You look down at me and reach under my arms to lift me up. My body drags against yours, my nipples chafing against your chest hair. Did I tell you yet how much I love your roughness? I fucking to goodness love it! We’re standing in a close embrace….our bodies yearning for more. I rest my forehead against your neck…the feel of your hard cock warm against my belly. I move back a little, stand on my toes and with a skip and a wiggle trap your cock in between my thick thighs.
I lean into you and gently rise and fall clenching and unclenching my thighs at the same time. Your hands grab my buttocks and you press me into you. I rake my nails against your ribcage and take your mouth in a rough kiss. As your teeth bite at my lips and your tongue lashes against mine I scream into your mouth. A desperate scream. A hot scream.
You suck my tongue into your mouth. Our mouths open against each other as we both battle to take control…losing ourselves in the process. Your dick slides between my thighs…the slick wetness from my pussy making squelching sounds; as if they are kissing too; your dick and my pussy. It is that. Your hard length is courting my wet channel, tickling my anus and driving me wild.

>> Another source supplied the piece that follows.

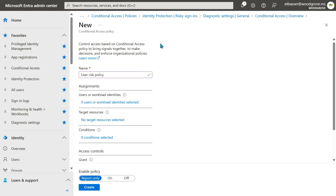We don't allow users with sign-in risk to register for MFA. So that deals with real-time risk mitigation. To mitigate risk that's detected offline, we can set up a user risk policy. When a user is at risk in ID Protection, we believe that there is a possibility that their credentials have been compromised. The higher the risk level, the higher our confidence that the compromise occurred. User risk policies allow you to create policies based off of that confidence level to block or require self-service remediation on risky users.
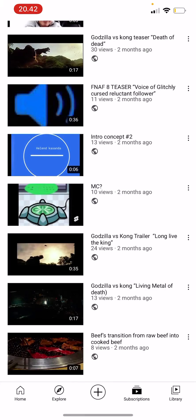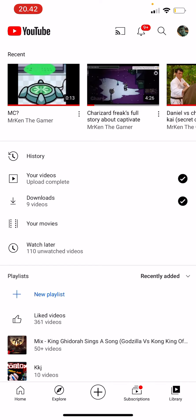Just go to your library, because you've already watched that video and it's now available there. After you enter your library, there is an option to watch that video again, and then you can watch it normally.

I push myself down on your shoulders and hoist myself a bit, you simultaneously pull down and out and just like that I feel the knob of your head pressing against my opening. I let my weight go and feel you slide deep into me…pulling me taut. The pleasure and pain, the tightness and the fullness are an exquisite sensation. We stop kissing. Our foreheads are resting against each others’. We look at each other. The final barrier has been crossed; all the shadowed desires now uncloaked.
We are truly naked now…with our vulnerabilities and our hopes. You are inside of me. Physically, that’s a first. I yet can’t fully absorb that we are standing buck naked in each others’ arms with you buried within me…me pulsing around your still hardness. It’s, well…exquisite. It’s strange…it’s unfuckingbelievably good!
Our lips meet in a gentle kiss and our hips start moving. You almost pull out completely and then ram home…one stroke….painfully slow….unimaginably erotic…two…and before you can finish the third my world shatters, my head starts to spins…my vision focusing and unfocusing as waves of such deep pleasure wrack through me that it feels like an inferno let lose!